*What is expected:*
The pictures stay out; all of the data is to be printed exactly.

*Supplied data:*
********************

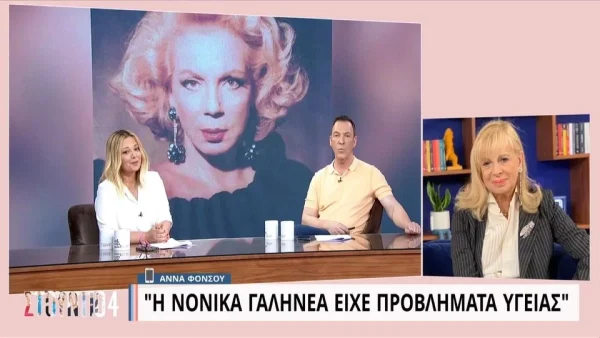 «Δεν είμαι καλά!» - Κατέρρευσε και έκλεισε το τηλέφωνο στο Στούντιο 4 η Φόνσου για το θάνατο της Γαληνέα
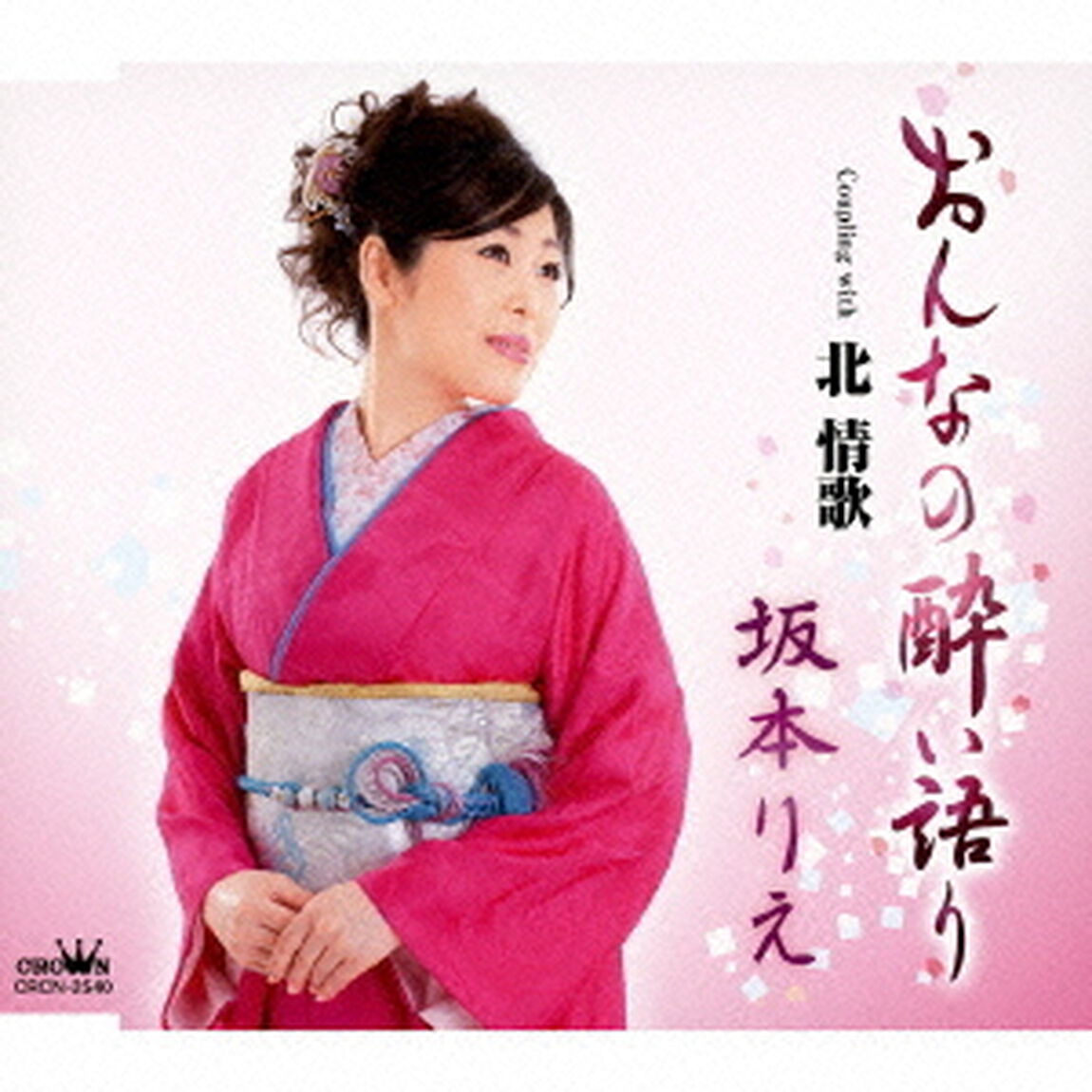 おんなの酔い語り（ＣＤ）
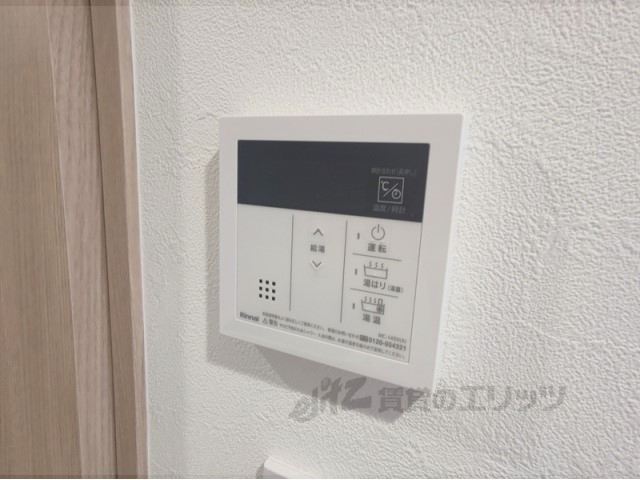 その他設備　給湯器リモコン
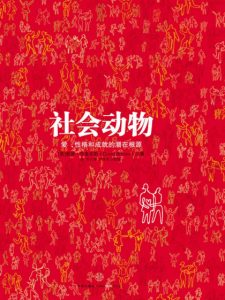 《社会动物 : 爱、性格和成就的潜在根源》[美]戴维·布鲁克斯（作者）-epub+mobi+azw3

********************

*Task solution:*
 «Δεν είμαι καλά!» - Κατέρρευσε και έκλεισε το τηλέφωνο στο Στούντιο 4 η Φόνσου για το θάνατο της Γαληνέα
 おんなの酔い語り（ＣＤ）
 その他設備　給湯器リモコン
 《社会动物 : 爱、性格和成就的潜在根源》[美]戴维·布鲁克斯（作者）-epub+mobi+azw3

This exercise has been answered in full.